# Flippn ?



## MaxPower (Feb 13, 2007)

New to the site but not new to fishing. I've been at it for more years then I can remember and know a thing or two about fishing.

I am looking to get another flipping rod for worms, jigs, and things like that. Im looking for something in the 7' or so range but am not set on anything. Just lookn for some thoughts. Thanks/


----------



## njsimonson (Sep 24, 2002)

Trent Steele: Max Power...love the name.
Max Power (Homer Simpson): Thanks, I got it off a hair dryer.

:lol:


----------



## Horsager (Aug 31, 2006)

Kistler Helium. Pick your power dependant on the cover you're fishing. These are an excellent stick. Very light, sensative, tough, they are some of my favorites. I use one in 7' Med-light for pitching small cranks on Devils Lake and it is perfect for the task.
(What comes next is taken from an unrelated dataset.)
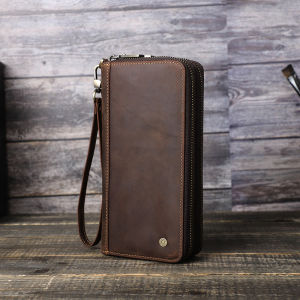 Hiram Genuine Leather Clutch Wallets for Men Vintage Long Zipper Clutch Bags Card Holders Money Clip Coin Purse Mens Bag Handbags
I use the 7' MH for top-water or running creatures through the weeds. A horny toad over a school of white bass on a calm AM just can't be beat and you'll catch the biggest fish in the school!!


----------



## MaxPower (Feb 13, 2007)

I already use a 7'6" IM8 from bass pro shop but have turned it to a rod for pike and musky. Now I cannot deside over a 7' or longer...what to do what to do.


----------



## Brad from ND (Jan 23, 2007)

I fish a lot of bass tournaments in Minnesota. Most of my fishing is flipping or sliding jigs. I use the Scheel's rods. The main advantage I found is the no question warranty. You can even run it over with your truck and still walk out of the store with a new one for free. The Guide series and the Guide series Limited used to be Saint Croix Avid blanks. The others, the Tournament and Pro Classic, were Hagen's blanks. Both are fantastic rods at a fraction of the price. You can pick up one of the Guide Series Limited for $150 instead of the $320 price tag for the same rod the says Saint Croix. I have been very happy with these rods for 3-4 years now in the 6'6 to 7' length.

Hope this helps.


----------